> **Goal of the exercise**
For every entry below, give it back exactly and leave out any image.

> **Task data**
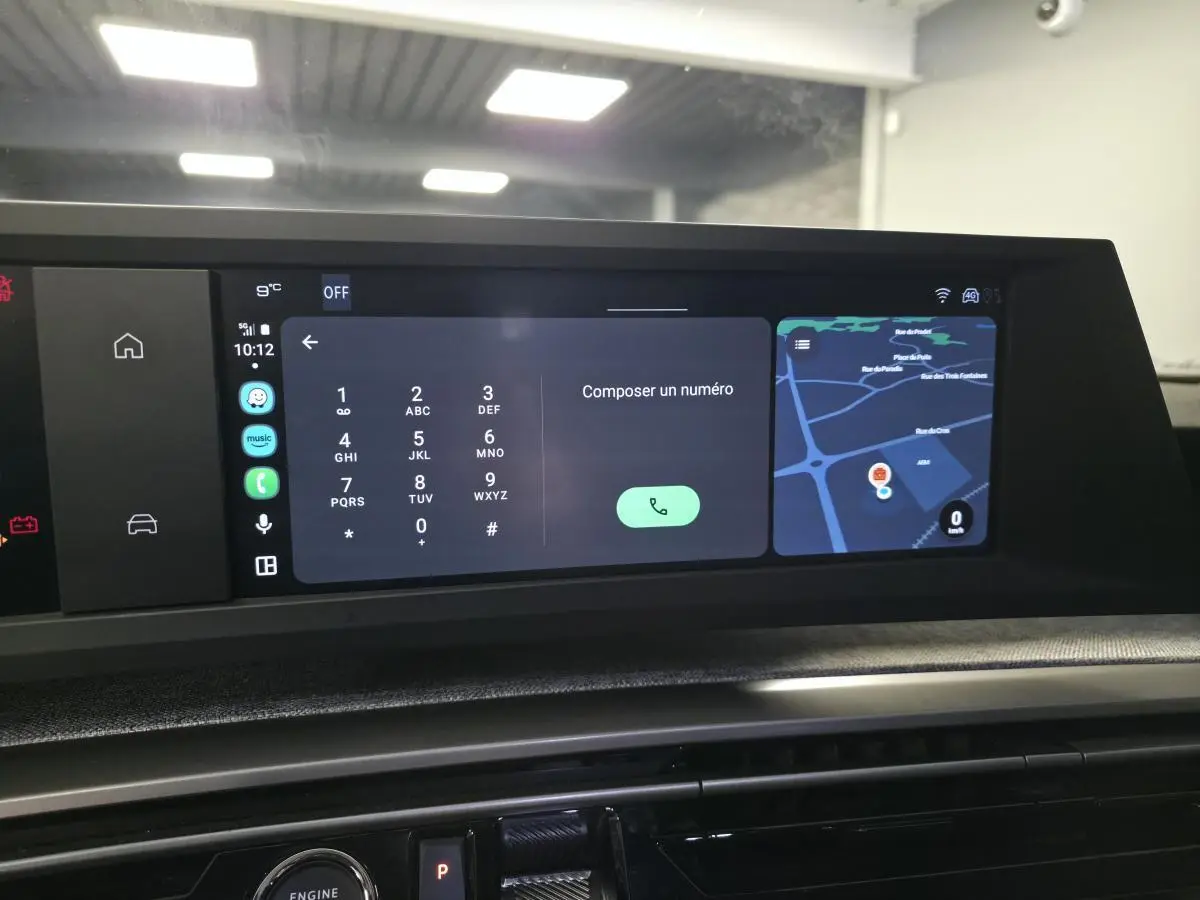 Écran tactile central du Peugeot 3008 gris 2025 montrant la fonction de composition d’un numéro et navigation GPS.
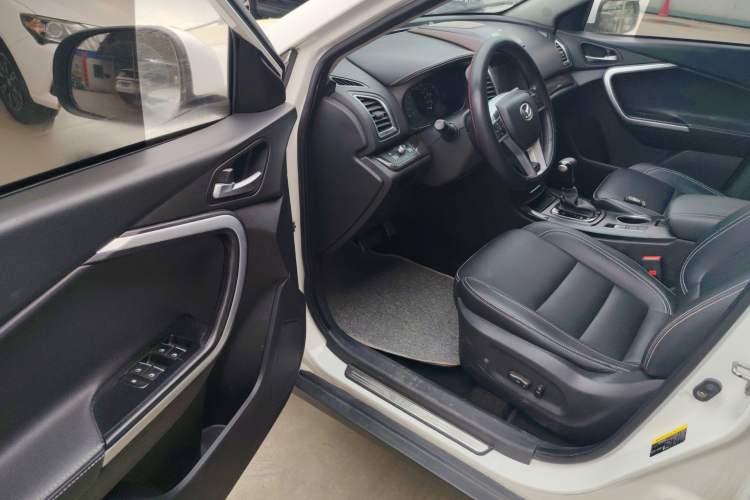 Used HYOSOW S6 2017 1.5T CVT Enjoyment Model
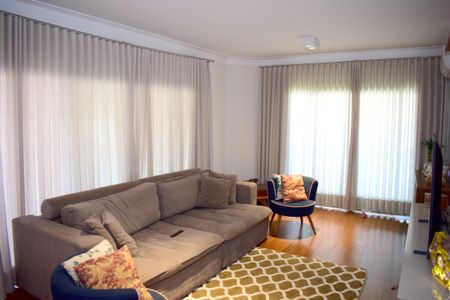 Apartamento para alugar com 240m², 4 quartos e 3 vagasSala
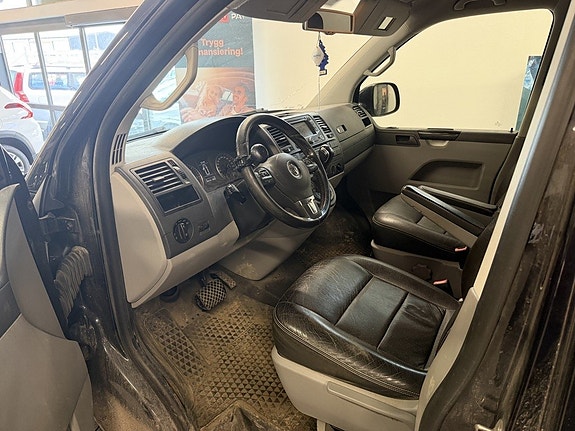 Volkswagen Transporter 6 of 9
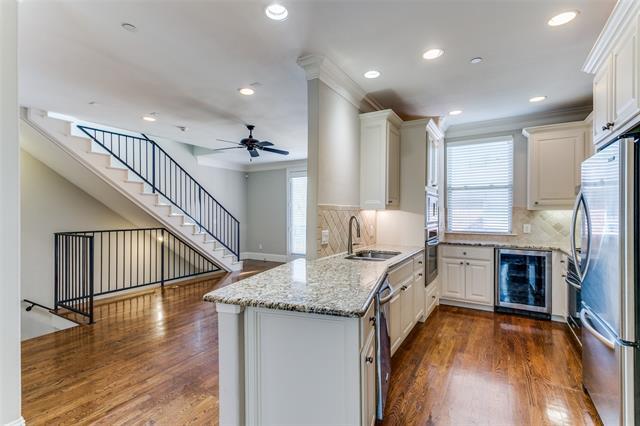 Building Photo - 4148 Grassmere Ln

> **Answer box**
 Écran tactile central du Peugeot 3008 gris 2025 montrant la fonction de composition d’un numéro et navigation GPS.
 Used HYOSOW S6 2017 1.5T CVT Enjoyment Model
 Apartamento para alugar com 240m², 4 quartos e 3 vagasSala
 Volkswagen Transporter 6 of 9
 Building Photo - 4148 Grassmere Ln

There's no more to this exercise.